Wednesday, June 06, 2007

Constitutional Prohibition Doesn't Stop Double-Dipping

The Indiana Constitution specifically provides that "no person may hold more than one lucrative office at the same time, except as expressly permitted in this Constitution." The constitutional prohibition is often raised in the context where a government employee seeks to hold an elected job while continuing service as a government employee. A recent decision by the Indiana Court of Appeals instructs as that a deputy sheriff can simultaneously hold an elected office--in this case--county commissioner.

In the case of Thompson v. Hays, a Scott County resident challenged the right of a Scott County Deputy Sheriff to hold a county commissioner's job to which he was elected at the same time he served as a deputy sheriff. The citizen argued that allowing Mark Hays to serve as a county commissioner at the same time he served as a deputy violated Article II, Section 9 of the Indiana Constitution.
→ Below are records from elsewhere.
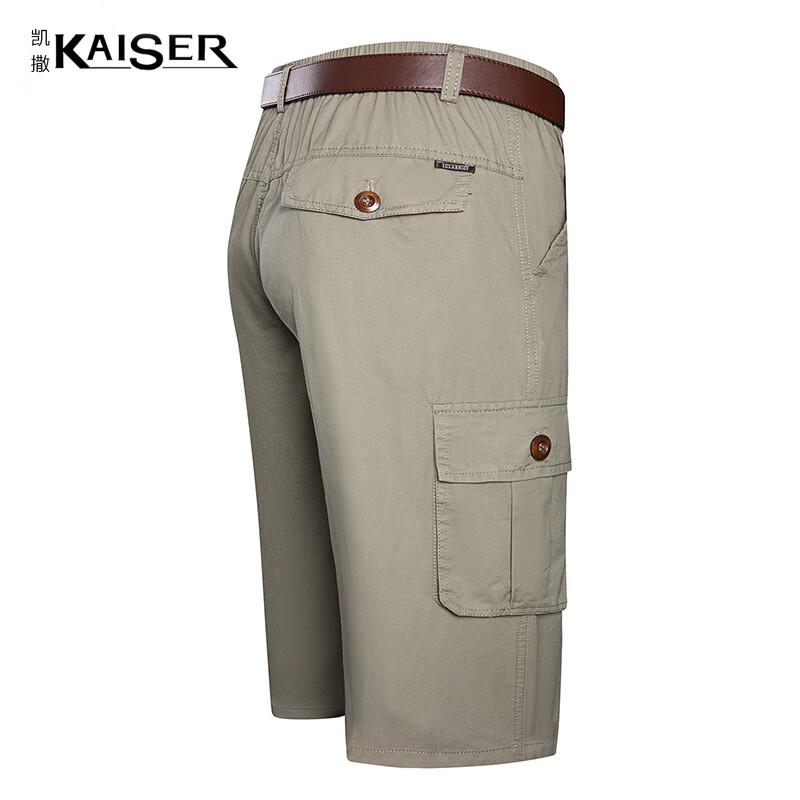 KAISER Men s 100% Cotton Casual 3/4 Beach Shorts KS3813 2XL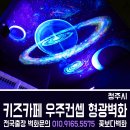 우리끼리키즈카페우주마을 이미지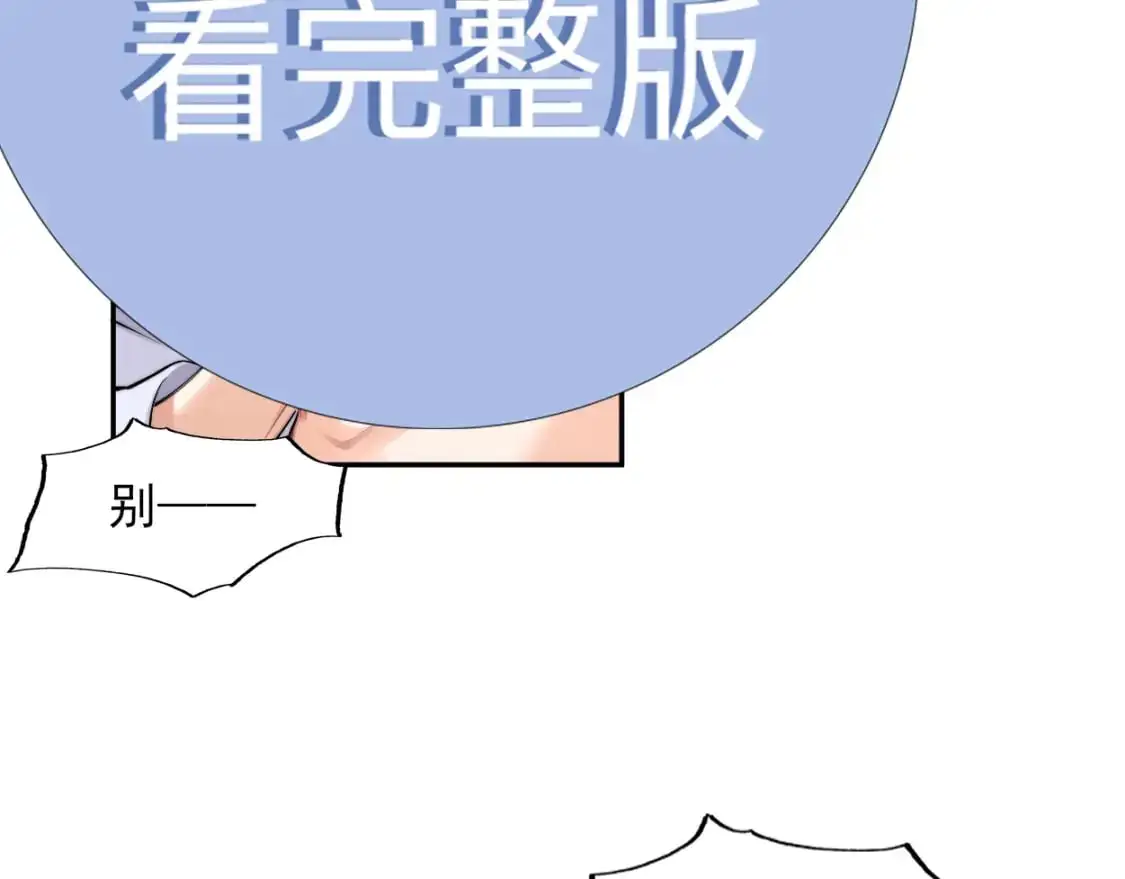 特典01 休息室 第46页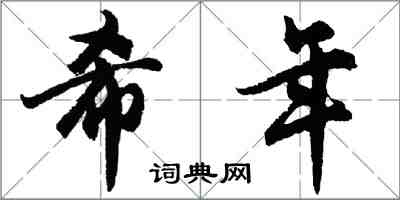 胡问遂希年行书怎么写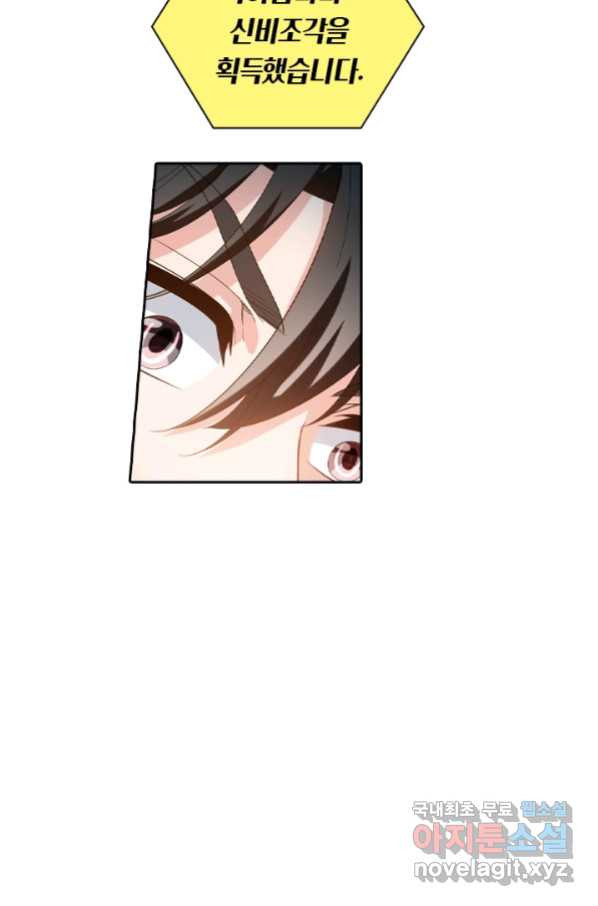 16536143999647c9sx3pts8u.jpeg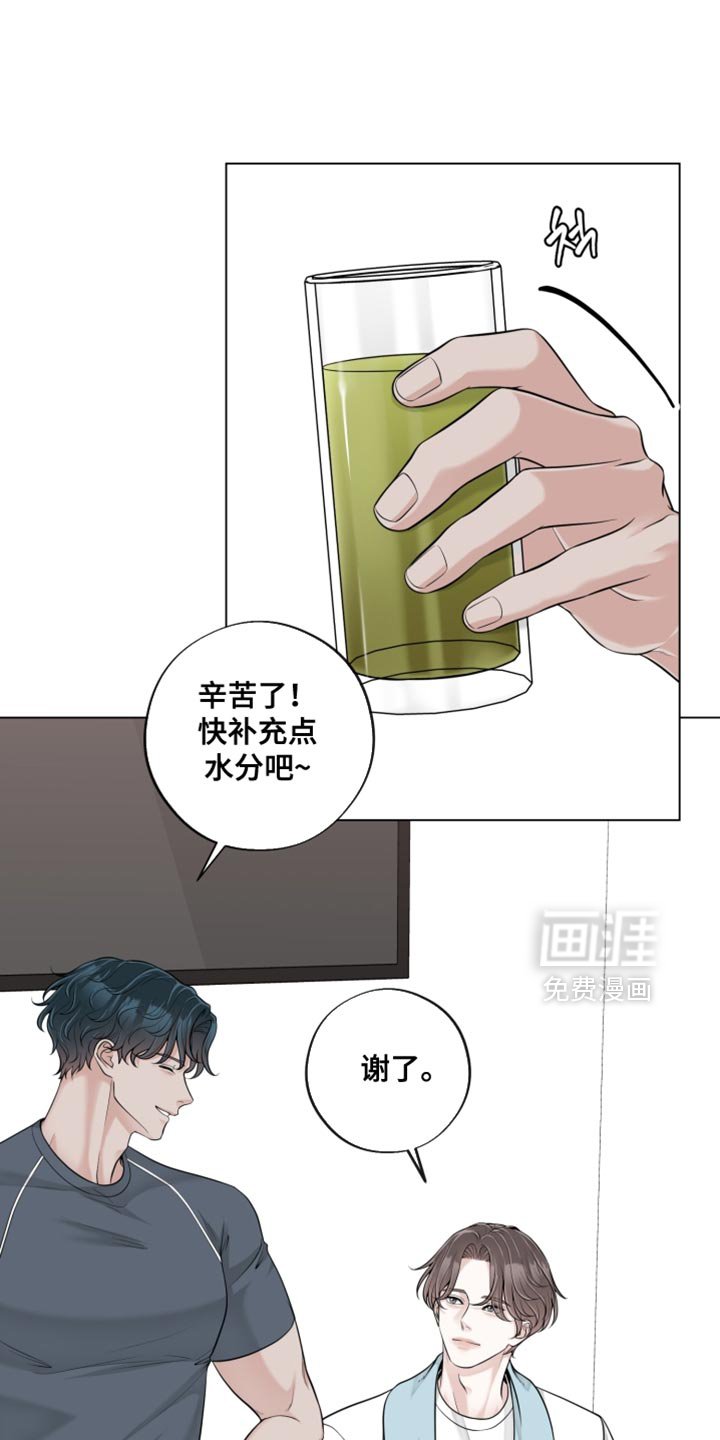 第24章：一起去看话剧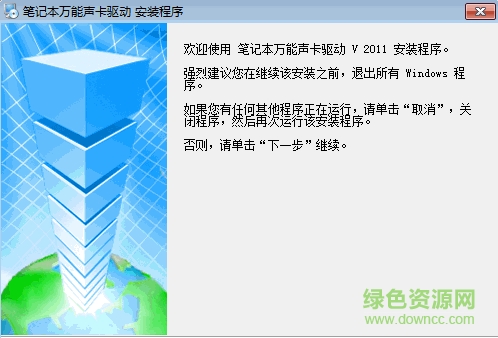 筆記本萬能聲卡驅動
While the Court of Appeals agreed that county commissioner represented a "lucrative office", it found that as a deputy sheriff, Hays was a county employee and not holding a "lucrative office." In a footnote to the decision, the Court pointed out that neither party had invoked a statute, I.C. 36-8-10-11(c), which specifically allows a county police officer to both seek elected public office and to serve once elected.

Interestingly, the citizen plaintiff in the Scott County case also didn't raise Article III, Section 1 of the Indiana Constitution, which prohibits a person who is charged with duties under one of the three separate branches of government from exercising any of the functions of another branch. In at least two prior Court of Appeals decision from the 1980s, the Court held that neither a county police officer nor a city police officer could serve as a county council member or city council member, respectively, because it would mean the officer was exercising legislative duties while exercising executive branch duties. As one court noted, the police officer would be "directing salaries and expenditures for himself and his fellow police officers" in violation of Article III, Section 1.
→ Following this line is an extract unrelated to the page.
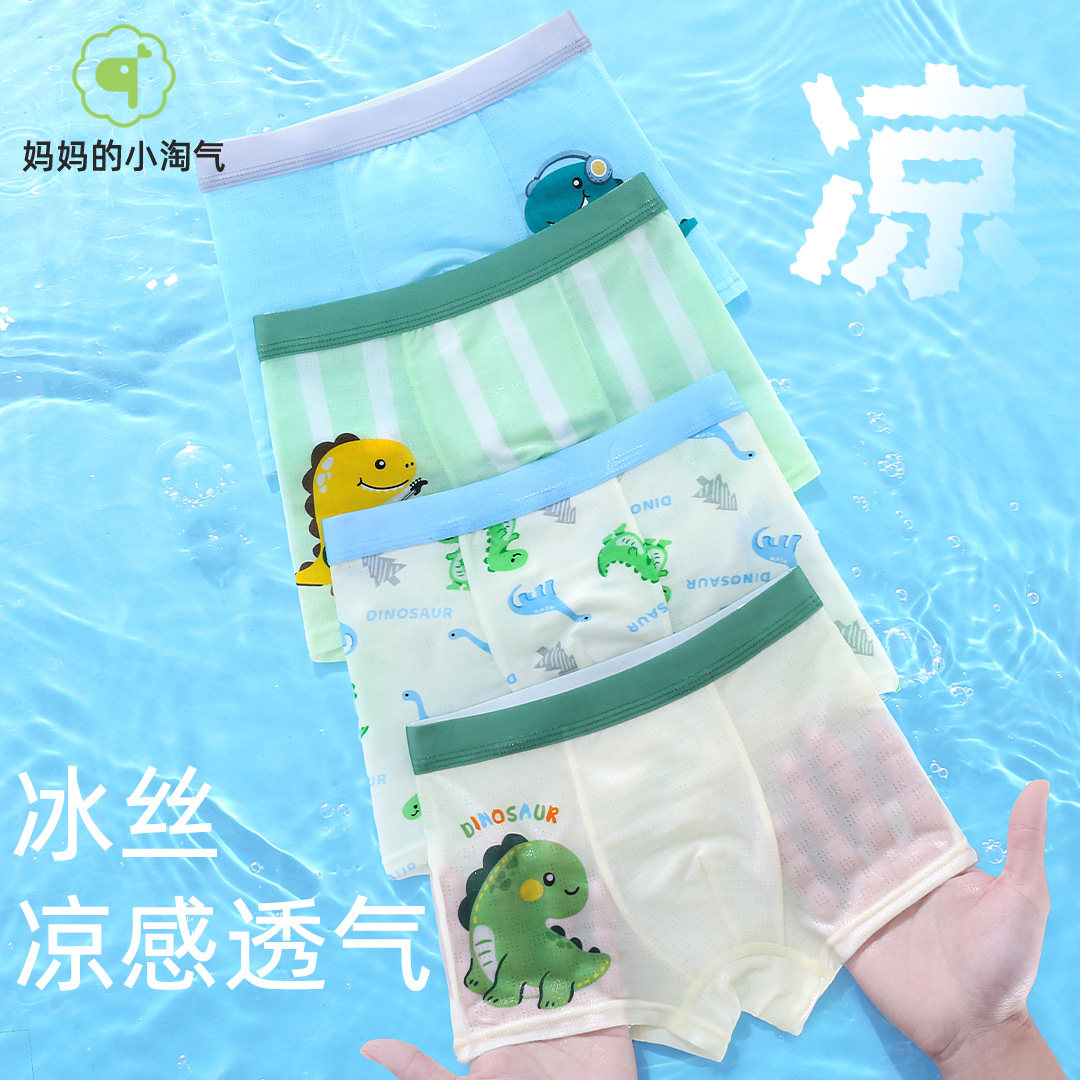 男童莫代尔内裤夏季薄款儿童小男孩宝宝小童男宝四角a类冰丝短裤,童装/婴儿装/亲子装,内裤,淘宝优惠券,粉丝福利购,淘宝优惠卷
Apparently mindful of these court decisions, the legislature amended the statute governing sheriffs to allow a county police officer to run for and serve on a county council in direct violation of the constitutional prohibition. A separate statute, I.C. 36-8-3-12, was also amended to allow city police officers to run for and hold elective office. Previously, the statute only allowed them to run for office but did not address the issue of whether their service as a police officer could continue once elected to the public office. In a 1995 Court of Appeals decision, Harden v. Whipker, the Court declined to follow the earlier decision concerning Article III, Section 1 and allowed a Bartholomew County police officer to run for and serve on the county council pursuant to I.C. 36-8-10-11(c). Unbelievably, the Court held that a county police officer holding the "dual positions" was not "offensive to the Indiana Constitution." It added, "In fact, Whipker's conduct is expressly permitted by statute in Indiana, and we therefore decline to disturb the trial court's judgment" allowing him to serve in both positions.
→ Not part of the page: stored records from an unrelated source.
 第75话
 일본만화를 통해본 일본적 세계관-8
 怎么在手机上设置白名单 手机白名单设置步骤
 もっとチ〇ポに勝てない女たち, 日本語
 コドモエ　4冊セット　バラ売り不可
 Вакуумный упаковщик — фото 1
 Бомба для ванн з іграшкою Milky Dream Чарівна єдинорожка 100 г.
I don't agree with the holding in Harden v. Whipker in the least bit. Because of that decision, it has become common place for police officers to serve on the county councils and city councils. Here in Marion County there are at least two IMPD officers, Sherron Franklin (D) and Lincoln Plowman (R), who have been elected to the City-County Council. They in fact are able to directly participate in deciding the budget for the Department of Public Safety, which includes their own salaries and those of their fellow police officers. They in fact both voted against the police consolidation ordinance--another clear conflict of interest. I simply do not accept that this is not a violation of Article III, Section 1. A public interest group should challenge the status quo, including the constitutionality of I.C. 36-8-10-11(c) and I.C. 36-8-3-12.

5 comments:

Wilson46201 said...

IANAL but it's always been explained to me that the no two lucrative offices clause meant a person couldn't hold two or more elective offices simultaneously.

Another kicker might be the word "deputy" which implies the person has the deputized powers of an elected official. It's one thing to be a clerk in a sheriff's office, it's quite another to be a deputy sheriff.

Gary R. Welsh said...

I agree it's not a "lucrative office". That wasn't the issue I was raising, which was whether a person executing powers in the executive branch could also hold a legislative position at the same time. That is clearly what Article III, section 1 is meant to prevent, but which has been circumvented by statute.

Wilson46201 said...

How can a statute circumvent an express Constitutional provision?

Gary R. Welsh said...

I believe that's the reason I said the statute should be challenged, Wilson, because the statute can't trump the constitution.

Anonymous said...

I understand the issue. Maybe the elected office should have nothing to do with the entity the person works for. This would mean university employees, state employees, etc. could not seek state office. Police, fire, parks, etc. could not seek local office.